There were two technical issues in Precon. Precon lost what one might have thought would be the more significant issue – the Corps’ finding that, although only 4.8 acres were really at issue in this case, and Precon’s entire development includes 166 acres of wetlands, 448 acres of “similarly situated” wetlands would be examined for a substantial nexus to navigable waters. Precon ultimately won, however, because the Court concluded that the Corps’ record did not contain enough physical evidence to support its determination that a significant nexus exists between the 448 wetland acres and the downstream navigable water. 

The Court’s conclusion raised two issues of broad concern to stakeholders. First, the Court granted little deference to EPA’s conclusion on the significant nexus issue. The Corps argued that its conclusion that there was a significant nexus between the site wetlands and the downstream navigable waters was a factual conclusion. However, the Court concluded that the significant nexus determination was not factual. The Court stated that:

The question is instead whether the Corps’ findings were adequate to support the ultimate conclusion that a significant nexus exists. This legal determination is essentially now a matter of statutory construction, as Justice Kennedy established that a “significant nexus” is a statutory requirement for bringing wetlands adjacent to non-navigable tributaries within the CWA’s definition of “navigable waters.”

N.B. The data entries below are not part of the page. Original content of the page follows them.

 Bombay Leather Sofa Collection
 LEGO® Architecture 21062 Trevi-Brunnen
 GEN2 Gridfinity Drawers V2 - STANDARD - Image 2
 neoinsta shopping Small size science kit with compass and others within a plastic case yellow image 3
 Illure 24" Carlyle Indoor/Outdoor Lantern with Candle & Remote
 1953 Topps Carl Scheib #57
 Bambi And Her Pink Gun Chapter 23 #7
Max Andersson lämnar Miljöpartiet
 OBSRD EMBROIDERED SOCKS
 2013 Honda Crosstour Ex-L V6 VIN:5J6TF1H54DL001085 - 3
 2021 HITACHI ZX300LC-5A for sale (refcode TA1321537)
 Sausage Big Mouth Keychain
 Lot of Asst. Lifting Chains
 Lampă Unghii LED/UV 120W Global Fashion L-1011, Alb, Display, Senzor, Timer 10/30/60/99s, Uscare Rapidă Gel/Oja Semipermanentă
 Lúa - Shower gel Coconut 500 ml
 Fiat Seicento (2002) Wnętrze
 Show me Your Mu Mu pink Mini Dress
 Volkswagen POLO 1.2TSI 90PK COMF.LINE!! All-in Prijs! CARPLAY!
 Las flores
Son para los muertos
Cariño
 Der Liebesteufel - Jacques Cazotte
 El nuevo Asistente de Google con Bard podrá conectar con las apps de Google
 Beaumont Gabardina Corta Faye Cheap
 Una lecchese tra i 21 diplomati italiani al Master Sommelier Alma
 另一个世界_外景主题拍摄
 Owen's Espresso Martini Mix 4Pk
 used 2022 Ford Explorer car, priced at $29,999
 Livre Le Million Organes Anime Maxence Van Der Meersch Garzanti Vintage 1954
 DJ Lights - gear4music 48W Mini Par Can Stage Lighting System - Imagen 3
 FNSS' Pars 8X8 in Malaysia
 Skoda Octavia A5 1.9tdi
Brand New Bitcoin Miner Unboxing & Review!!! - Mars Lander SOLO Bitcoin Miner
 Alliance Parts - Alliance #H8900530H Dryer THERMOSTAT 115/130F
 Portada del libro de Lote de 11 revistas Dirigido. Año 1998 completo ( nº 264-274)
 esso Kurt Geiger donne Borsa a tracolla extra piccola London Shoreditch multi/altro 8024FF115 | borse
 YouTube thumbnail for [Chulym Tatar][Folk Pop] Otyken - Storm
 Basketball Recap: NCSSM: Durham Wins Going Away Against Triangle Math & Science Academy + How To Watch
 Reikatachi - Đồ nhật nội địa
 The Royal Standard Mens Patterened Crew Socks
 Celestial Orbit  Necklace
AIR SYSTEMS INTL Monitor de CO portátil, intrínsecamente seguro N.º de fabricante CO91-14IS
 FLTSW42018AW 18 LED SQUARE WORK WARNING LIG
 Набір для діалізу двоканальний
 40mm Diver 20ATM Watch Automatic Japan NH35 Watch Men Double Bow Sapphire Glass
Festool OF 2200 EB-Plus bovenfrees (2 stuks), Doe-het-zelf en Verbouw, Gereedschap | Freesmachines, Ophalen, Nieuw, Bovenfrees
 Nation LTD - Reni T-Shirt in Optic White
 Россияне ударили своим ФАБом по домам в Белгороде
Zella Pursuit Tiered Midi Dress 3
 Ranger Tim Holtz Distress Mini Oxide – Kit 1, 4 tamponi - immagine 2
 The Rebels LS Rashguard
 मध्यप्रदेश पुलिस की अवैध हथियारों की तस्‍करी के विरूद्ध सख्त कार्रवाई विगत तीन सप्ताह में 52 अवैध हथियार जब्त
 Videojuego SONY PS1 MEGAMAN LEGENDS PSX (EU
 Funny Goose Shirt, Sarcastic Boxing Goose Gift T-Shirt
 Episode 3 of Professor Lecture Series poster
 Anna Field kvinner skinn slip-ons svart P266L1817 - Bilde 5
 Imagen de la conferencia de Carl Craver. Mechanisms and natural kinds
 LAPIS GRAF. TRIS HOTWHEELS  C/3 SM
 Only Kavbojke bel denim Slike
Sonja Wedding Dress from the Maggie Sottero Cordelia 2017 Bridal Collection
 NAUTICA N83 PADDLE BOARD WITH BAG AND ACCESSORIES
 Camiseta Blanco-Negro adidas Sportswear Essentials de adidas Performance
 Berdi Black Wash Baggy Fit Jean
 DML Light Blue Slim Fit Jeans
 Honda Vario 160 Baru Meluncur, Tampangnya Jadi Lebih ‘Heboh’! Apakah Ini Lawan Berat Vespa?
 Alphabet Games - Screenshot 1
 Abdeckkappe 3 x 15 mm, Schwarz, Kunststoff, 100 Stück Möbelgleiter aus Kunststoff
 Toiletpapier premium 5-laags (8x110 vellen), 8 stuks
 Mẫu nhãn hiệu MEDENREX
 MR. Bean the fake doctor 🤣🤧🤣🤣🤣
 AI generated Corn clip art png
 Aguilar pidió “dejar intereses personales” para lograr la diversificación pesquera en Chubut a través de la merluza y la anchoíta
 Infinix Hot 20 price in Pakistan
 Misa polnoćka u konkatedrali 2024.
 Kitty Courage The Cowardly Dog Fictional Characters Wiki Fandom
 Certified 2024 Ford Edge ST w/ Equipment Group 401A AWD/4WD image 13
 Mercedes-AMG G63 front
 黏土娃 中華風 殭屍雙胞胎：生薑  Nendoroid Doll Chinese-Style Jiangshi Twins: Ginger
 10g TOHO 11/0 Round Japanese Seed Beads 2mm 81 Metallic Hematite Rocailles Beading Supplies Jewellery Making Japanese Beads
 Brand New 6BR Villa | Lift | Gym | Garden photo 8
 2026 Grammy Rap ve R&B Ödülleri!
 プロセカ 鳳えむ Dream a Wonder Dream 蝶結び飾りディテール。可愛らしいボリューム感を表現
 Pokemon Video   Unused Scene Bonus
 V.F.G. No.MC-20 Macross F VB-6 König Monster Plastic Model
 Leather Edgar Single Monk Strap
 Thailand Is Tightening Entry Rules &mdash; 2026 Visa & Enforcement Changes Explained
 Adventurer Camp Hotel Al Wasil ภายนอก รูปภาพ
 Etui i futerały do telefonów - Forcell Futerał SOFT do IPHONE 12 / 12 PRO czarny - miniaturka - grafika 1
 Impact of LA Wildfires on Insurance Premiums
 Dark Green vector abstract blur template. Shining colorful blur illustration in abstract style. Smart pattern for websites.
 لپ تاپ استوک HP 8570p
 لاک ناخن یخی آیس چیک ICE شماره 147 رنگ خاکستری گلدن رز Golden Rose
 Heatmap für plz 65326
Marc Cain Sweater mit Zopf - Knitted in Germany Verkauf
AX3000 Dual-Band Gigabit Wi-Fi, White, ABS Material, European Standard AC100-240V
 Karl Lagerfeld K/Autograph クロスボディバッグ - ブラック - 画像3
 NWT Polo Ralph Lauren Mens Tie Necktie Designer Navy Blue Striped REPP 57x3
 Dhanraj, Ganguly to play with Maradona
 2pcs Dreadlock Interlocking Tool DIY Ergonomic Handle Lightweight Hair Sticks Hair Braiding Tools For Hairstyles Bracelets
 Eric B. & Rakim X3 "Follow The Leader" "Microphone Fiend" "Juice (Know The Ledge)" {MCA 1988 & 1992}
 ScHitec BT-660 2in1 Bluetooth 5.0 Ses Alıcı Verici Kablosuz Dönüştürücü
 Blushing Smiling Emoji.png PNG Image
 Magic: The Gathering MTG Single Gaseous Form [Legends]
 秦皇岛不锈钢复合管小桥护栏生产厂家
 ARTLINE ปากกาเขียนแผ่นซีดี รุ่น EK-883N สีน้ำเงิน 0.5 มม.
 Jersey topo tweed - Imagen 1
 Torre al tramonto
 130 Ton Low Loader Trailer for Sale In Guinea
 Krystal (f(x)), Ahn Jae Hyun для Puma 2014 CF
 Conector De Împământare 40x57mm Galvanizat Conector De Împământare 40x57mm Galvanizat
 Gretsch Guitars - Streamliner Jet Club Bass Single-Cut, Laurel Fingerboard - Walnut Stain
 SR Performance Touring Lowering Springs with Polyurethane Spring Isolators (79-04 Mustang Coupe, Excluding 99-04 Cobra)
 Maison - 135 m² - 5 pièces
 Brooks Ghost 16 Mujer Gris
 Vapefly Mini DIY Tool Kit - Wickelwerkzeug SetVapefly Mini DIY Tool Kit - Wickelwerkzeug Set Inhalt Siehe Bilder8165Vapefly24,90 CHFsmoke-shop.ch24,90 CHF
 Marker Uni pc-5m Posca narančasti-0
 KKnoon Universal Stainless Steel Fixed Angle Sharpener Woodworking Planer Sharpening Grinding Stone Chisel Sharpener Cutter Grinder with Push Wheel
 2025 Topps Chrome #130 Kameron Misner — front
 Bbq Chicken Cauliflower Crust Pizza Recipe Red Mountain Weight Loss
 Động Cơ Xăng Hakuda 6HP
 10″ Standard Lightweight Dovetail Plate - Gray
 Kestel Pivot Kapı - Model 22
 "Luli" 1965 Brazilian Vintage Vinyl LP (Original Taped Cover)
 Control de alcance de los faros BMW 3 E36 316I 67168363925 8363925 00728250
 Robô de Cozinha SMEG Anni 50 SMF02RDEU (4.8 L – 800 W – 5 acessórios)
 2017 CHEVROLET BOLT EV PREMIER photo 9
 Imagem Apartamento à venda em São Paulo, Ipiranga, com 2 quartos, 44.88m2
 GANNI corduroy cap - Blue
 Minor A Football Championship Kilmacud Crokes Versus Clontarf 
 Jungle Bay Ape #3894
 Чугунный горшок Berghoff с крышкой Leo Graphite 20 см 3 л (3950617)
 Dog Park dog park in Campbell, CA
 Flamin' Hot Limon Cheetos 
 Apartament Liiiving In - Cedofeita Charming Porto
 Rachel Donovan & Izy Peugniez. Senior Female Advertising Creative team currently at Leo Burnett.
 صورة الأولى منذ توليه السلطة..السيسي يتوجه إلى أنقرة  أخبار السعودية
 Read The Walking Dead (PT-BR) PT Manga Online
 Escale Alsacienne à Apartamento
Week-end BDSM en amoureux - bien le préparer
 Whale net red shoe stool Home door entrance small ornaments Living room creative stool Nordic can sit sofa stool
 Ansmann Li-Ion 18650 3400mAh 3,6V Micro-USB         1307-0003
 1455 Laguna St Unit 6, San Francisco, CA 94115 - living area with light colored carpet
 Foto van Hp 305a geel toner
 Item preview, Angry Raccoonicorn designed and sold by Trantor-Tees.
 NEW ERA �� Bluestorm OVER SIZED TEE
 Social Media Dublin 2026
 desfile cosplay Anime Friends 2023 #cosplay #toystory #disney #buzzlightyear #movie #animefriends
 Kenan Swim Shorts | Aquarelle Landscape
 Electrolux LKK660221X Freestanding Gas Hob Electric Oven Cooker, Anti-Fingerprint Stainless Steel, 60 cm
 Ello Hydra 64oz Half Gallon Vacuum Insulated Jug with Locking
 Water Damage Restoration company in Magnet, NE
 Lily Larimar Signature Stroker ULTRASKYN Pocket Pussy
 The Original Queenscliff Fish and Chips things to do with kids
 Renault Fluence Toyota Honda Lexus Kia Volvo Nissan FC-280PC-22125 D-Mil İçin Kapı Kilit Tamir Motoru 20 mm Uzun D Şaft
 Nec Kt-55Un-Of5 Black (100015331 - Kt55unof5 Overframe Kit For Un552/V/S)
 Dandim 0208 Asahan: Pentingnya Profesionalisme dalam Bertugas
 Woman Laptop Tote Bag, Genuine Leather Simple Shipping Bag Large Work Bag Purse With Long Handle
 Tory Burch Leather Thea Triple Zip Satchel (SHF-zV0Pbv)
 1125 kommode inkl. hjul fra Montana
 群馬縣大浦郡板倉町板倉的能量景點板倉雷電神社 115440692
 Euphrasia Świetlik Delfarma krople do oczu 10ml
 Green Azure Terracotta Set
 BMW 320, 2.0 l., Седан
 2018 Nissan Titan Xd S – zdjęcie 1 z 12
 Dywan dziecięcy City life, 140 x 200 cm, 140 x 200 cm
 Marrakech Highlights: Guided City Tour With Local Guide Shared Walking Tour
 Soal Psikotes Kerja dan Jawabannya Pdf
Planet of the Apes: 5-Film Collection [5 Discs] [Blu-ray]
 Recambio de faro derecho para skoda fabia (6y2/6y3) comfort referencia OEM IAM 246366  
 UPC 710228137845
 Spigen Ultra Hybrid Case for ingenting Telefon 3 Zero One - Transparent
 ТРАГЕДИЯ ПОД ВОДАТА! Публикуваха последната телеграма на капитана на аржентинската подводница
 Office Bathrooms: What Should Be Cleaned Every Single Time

Well, this is certainly a nice question of administrative law. The significant nexus issue may now be the ultimate legal question. Nonetheless, I would guess that most wetlands scientists and hydrologists would say that this is largely a factual question. Even if the agency is applying its judgment to answer that question, it’s the type of judgment that requires technical expertise – expertise to which courts have traditionally deferred.

The second of the Court’s important pronouncements was that it would not give the EPA/Corps Rapanos Guidance deference under Chevron. Why not?

Because – although it could – the Corps has not adopted an interpretation of “navigable waters” that incorporates this concept through notice-and-comment rulemaking, but instead has interpreted the term only in a non-binding guidance document.”

Isn’t it timely, then, that EPA and the Corps sent a draft new Rapanos guidance to OMB in December, and GOP leadership in the House is proposing language in a continuing resolution that would preclude EPA from using any funds “to implement, administer, or enforce a change to a rule or guidance document pertaining to the definition of waters under the jurisdiction of the Federal Water Pollution Control Act (33 U.S.C. 1251).” Perhaps EPA and the Corps should take half a loaf. Why not agree to shelve the guidance and instead proceed with notice-and-comment rulemaking to clarify Rapanos? At least then the Courts might grant EPA and the Corps more deference in implementation.  It’s already been almost five years since Rapanos was issued. EPA and the Corps can hardly argue that it’s necessary to go the guidance route because they don’t have the time to proceed through the full regulatory process.

Enough muddling through. Take the time to do it right and issue regulations. Then, maybe the muddle will abate. (Can one abate a muddle?)